━━━ Supplied records ━━━
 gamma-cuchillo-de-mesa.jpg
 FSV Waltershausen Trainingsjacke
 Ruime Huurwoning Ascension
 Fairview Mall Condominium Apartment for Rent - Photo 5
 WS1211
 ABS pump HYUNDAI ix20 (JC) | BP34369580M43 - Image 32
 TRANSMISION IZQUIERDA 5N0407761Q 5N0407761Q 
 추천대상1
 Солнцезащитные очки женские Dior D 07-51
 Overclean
━━━
━━━ Supplied records ━━━
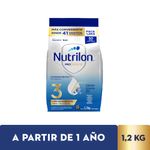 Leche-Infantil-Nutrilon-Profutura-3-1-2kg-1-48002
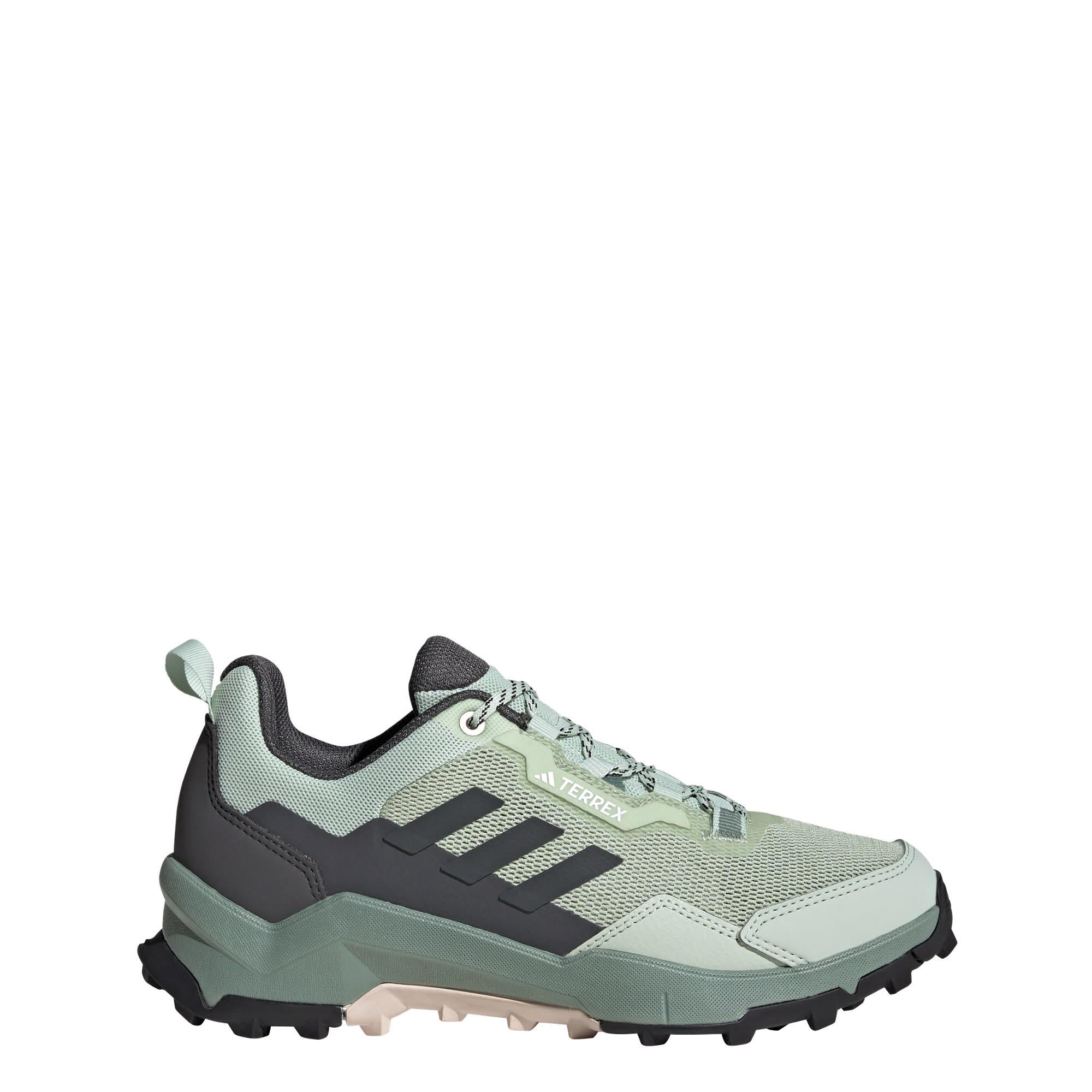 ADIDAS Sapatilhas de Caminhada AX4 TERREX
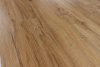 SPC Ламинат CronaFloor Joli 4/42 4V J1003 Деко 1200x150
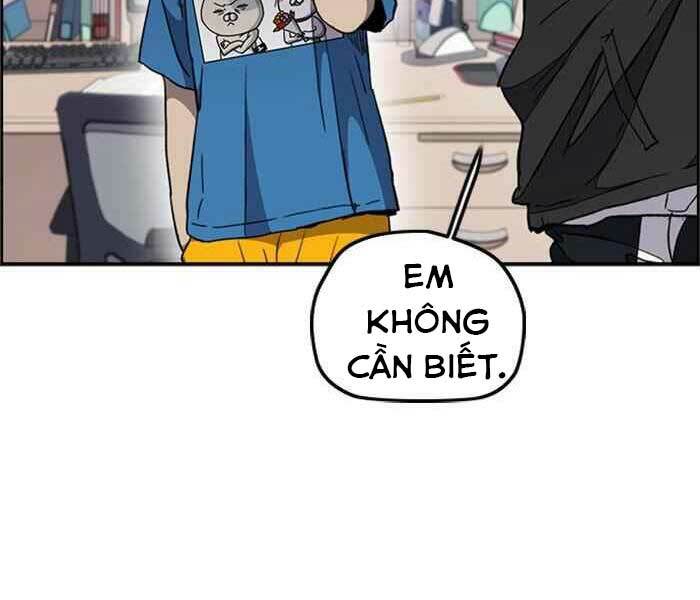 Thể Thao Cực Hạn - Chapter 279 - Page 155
━━━
━━━ Supplied records ━━━
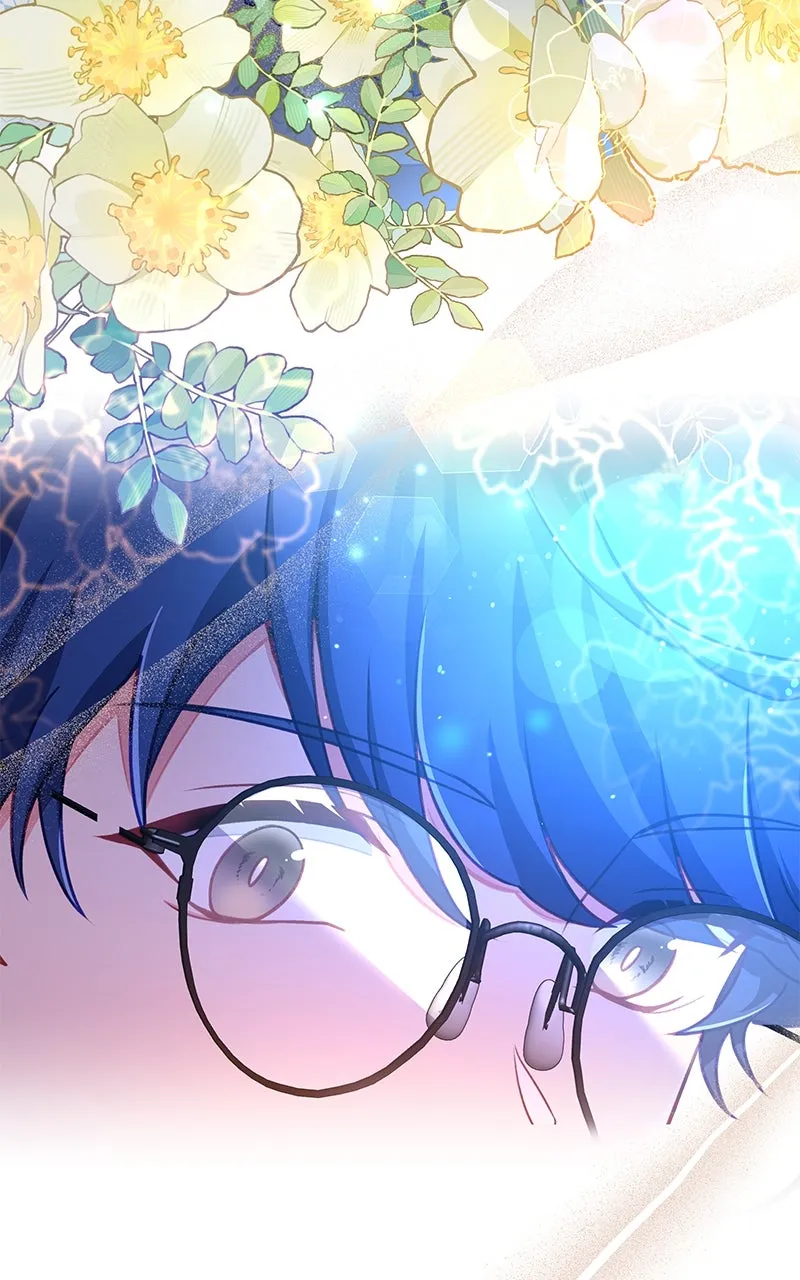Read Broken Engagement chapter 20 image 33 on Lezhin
━━━
Task description –
Out of the listing above, reproduce exactly the lines from the one with "gamma-cuchillo-de-mesa.jpg" up to and including the one with "Солнцезащитные очки женские Dior D 07-51".

Solution to the exercise –
 gamma-cuchillo-de-mesa.jpg
 FSV Waltershausen Trainingsjacke
 Ruime Huurwoning Ascension
 Fairview Mall Condominium Apartment for Rent - Photo 5
 WS1211
 ABS pump HYUNDAI ix20 (JC) | BP34369580M43 - Image 32
 TRANSMISION IZQUIERDA 5N0407761Q 5N0407761Q 
 추천대상1
 Солнцезащитные очки женские Dior D 07-51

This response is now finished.